Before you type a return %
Choosing a Sensible Return Assumption in June 2026
Data as of —
Every projection on this site is only as honest as the return you assume. Some grounding, from our research desk's data file: the Nifty 50 closed at 23,161.60 on June 11, 2026 (per Trading Economics) and the BSE Sensex at 73,832.55, with the Sensex reported down roughly 9.6% year-over-year amid foreign-fund outflows and Middle East tensions. Several index heavyweights are sharply negative over one year — TCS −38%, ITC −34%, Infosys −28%, HDFC Bank −24% — while SBI (+23%) and Eicher Motors (+34%) gained. That spread inside a single year is exactly why a flat assumed rate is a planning device, not a forecast.
Practical guidance for the calculators:
- Equity (index funds, diversified large-cap): 10–12% is a common long-horizon planning band; run the same plan at 8% to see how sensitive your goal is.

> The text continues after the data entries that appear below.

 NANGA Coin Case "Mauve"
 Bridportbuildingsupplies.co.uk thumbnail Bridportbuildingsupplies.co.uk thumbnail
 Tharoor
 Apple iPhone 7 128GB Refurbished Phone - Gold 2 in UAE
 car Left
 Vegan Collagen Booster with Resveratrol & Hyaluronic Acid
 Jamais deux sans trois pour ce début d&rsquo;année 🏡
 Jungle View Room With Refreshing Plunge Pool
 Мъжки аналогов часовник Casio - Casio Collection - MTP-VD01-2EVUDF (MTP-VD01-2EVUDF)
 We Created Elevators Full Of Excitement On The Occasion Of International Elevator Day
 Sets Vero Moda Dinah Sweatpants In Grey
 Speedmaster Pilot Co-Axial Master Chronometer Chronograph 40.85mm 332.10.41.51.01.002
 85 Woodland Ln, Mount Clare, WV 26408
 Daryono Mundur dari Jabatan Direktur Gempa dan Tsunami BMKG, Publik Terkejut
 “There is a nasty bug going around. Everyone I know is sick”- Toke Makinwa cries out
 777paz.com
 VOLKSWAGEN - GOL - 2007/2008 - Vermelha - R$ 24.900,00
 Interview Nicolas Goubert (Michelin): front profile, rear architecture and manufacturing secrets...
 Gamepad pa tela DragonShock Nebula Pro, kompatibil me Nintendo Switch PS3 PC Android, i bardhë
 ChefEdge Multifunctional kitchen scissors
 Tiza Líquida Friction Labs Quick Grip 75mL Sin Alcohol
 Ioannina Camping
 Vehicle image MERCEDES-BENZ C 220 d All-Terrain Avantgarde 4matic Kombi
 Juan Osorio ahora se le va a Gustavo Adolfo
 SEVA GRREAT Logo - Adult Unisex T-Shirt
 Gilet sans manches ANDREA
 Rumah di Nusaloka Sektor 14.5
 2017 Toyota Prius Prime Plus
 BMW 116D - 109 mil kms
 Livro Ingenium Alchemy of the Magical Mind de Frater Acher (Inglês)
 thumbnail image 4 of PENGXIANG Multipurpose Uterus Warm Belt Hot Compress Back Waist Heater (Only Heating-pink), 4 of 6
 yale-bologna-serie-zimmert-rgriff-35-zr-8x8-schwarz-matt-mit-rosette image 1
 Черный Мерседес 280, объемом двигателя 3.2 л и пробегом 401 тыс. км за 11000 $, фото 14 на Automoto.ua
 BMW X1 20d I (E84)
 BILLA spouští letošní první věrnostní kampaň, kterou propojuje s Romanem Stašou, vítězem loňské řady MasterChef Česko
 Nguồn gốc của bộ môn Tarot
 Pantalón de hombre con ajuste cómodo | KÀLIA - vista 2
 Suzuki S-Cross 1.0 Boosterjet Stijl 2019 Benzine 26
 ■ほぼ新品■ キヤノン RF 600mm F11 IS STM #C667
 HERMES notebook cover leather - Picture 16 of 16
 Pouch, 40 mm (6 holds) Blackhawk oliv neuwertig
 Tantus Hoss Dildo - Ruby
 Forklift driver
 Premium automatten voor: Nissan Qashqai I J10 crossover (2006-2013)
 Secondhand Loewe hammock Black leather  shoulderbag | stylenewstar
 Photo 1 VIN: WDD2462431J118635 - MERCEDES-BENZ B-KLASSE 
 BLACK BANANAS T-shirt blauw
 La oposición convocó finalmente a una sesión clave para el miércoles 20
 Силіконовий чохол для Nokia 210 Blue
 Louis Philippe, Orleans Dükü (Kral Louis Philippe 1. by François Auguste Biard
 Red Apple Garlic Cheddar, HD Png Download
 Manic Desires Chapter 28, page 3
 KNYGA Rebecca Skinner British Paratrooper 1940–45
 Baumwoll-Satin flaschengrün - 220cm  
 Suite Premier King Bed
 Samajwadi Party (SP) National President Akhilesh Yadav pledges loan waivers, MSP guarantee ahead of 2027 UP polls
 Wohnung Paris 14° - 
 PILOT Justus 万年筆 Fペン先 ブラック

- Hybrid / conservative allocations: 8–10% is more defensible than equity-level assumptions.
- Debt funds, FDs: use the actual quoted yield (typically 6–7.5% in mid-2026) rather than an equity-style number.
- Short horizons (<5 years): treat any equity projection with suspicion — the current correction shows one-year outcomes can be deeply negative.
All market figures above are approximate as of the June 10–11, 2026 close, aggregated from public sources (Trading Economics, screener.in, Business Upturn and others), and should be re-verified before any decision. This is research aggregation, not investment advice.